The dilution equation is a powerful tool in solution preparation chemistry, allowing chemists to calculate the volume of a concentrated stock solution (also known as the initial solution) needed to achieve a desired concentration after dilution. The central formula is:
\[ C_1V_1 = C_2V_2 \]
where:\[ \begin{align*}C_1 & = \text{initial concentration (M)} \ V_1 & = \text{initial volume (L or mL)} \ C_2 & = \text{final concentration after dilution (M)} \ V_2 & = \text{final volume after dilution (L or mL)}\end{align*} \]

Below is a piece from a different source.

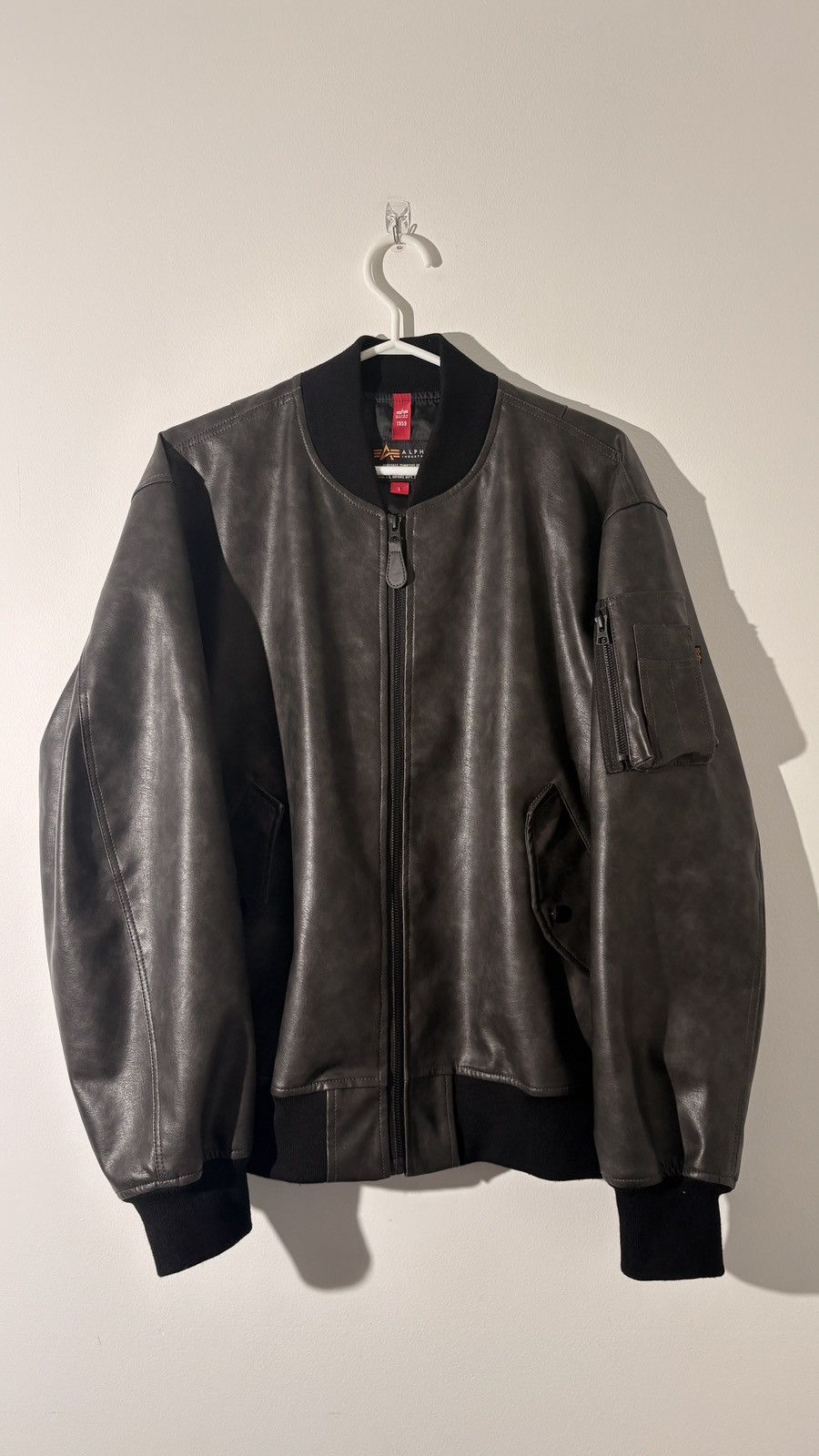 Alpha Industries Alpha industries japan exclusive faux leather bomber Size US L / EU 52-54 / 3 - 1 Thumbnail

To use this equation, three of the four values need to be known. For instance, to dilute a 3.6 M HNO3 solution to a 0.50 M solution, we need to first state the final desired volume (100 mL). By rearranging the dilution equation to solve for the unknown initial volume (V1), we can determine exactly how much of the concentrated solution we should start with. After finding this volume, simply add enough solvent (usually water) to reach the total final volume required. This is an invaluable process for creating solutions of lesser intensity without the need to measure out specific masses of solute.

Molar Mass Conversion

Molar mass conversion is the process of converting between the amount of substance in moles and its mass in grams. It is an essential skill in chemistry as it allows for the preparation of a solution with a precise concentration. Molar mass is the mass of one mole of a substance (solute) and is expressed in grams per mole (g/mol).
To convert moles to grams, the formula is simple:
\[ \text{grams} = \text{moles} \times \text{molar mass} \]
Using AgNO3 as an example, if the moles of AgNO3 needed have been calculated to be 26.25 mmol (where 1 mmol is 0.001 mol), and the molar mass of AgNO3 is 169.87 g/mol, the mass in grams required can be found by:
\[ \text{grams of AgNO3} = 26.25 \, \text{mmol} \times \frac{169.87 \, \text{g/mol}}{1000 \, \text{mmol/mol}} \]
This results in the need for 4.456 g of AgNO3 to reach the desired concentration in the final solution volume. Properly understanding molar mass conversion is integral for chemists to weigh out the precise amount of substance needed to create a solution of a specific molarity.